Exercise: All the lines below need to be output exactly, apart from any images.

Provided data:
Segment Open

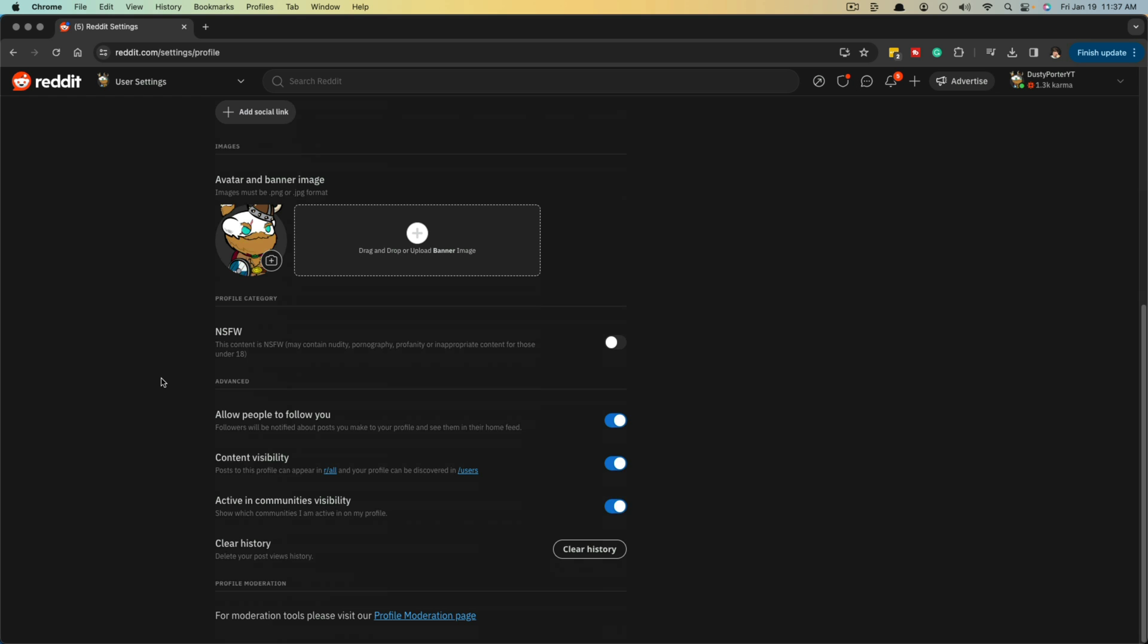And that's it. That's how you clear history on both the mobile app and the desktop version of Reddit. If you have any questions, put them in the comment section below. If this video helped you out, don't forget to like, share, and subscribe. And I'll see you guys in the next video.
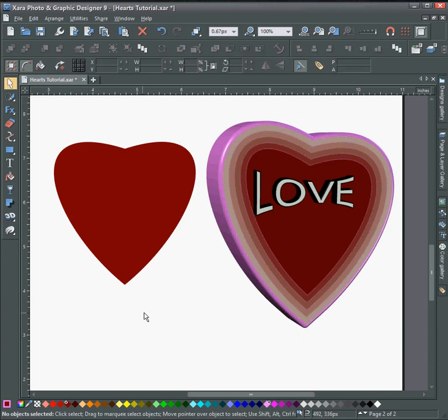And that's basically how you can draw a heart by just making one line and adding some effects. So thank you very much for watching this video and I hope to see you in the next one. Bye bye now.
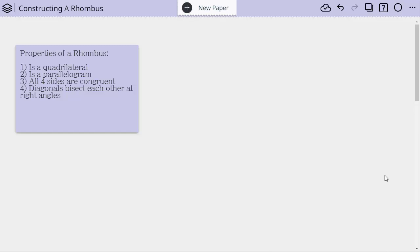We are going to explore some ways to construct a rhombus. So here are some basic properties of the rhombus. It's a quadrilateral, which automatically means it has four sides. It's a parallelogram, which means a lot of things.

Segment Closed

Answer box:
And that's it. That's how you clear history on both the mobile app and the desktop version of Reddit. If you have any questions, put them in the comment section below. If this video helped you out, don't forget to like, share, and subscribe. And I'll see you guys in the next video.
And that's basically how you can draw a heart by just making one line and adding some effects. So thank you very much for watching this video and I hope to see you in the next one. Bye bye now.
We are going to explore some ways to construct a rhombus. So here are some basic properties of the rhombus. It's a quadrilateral, which automatically means it has four sides. It's a parallelogram, which means a lot of things.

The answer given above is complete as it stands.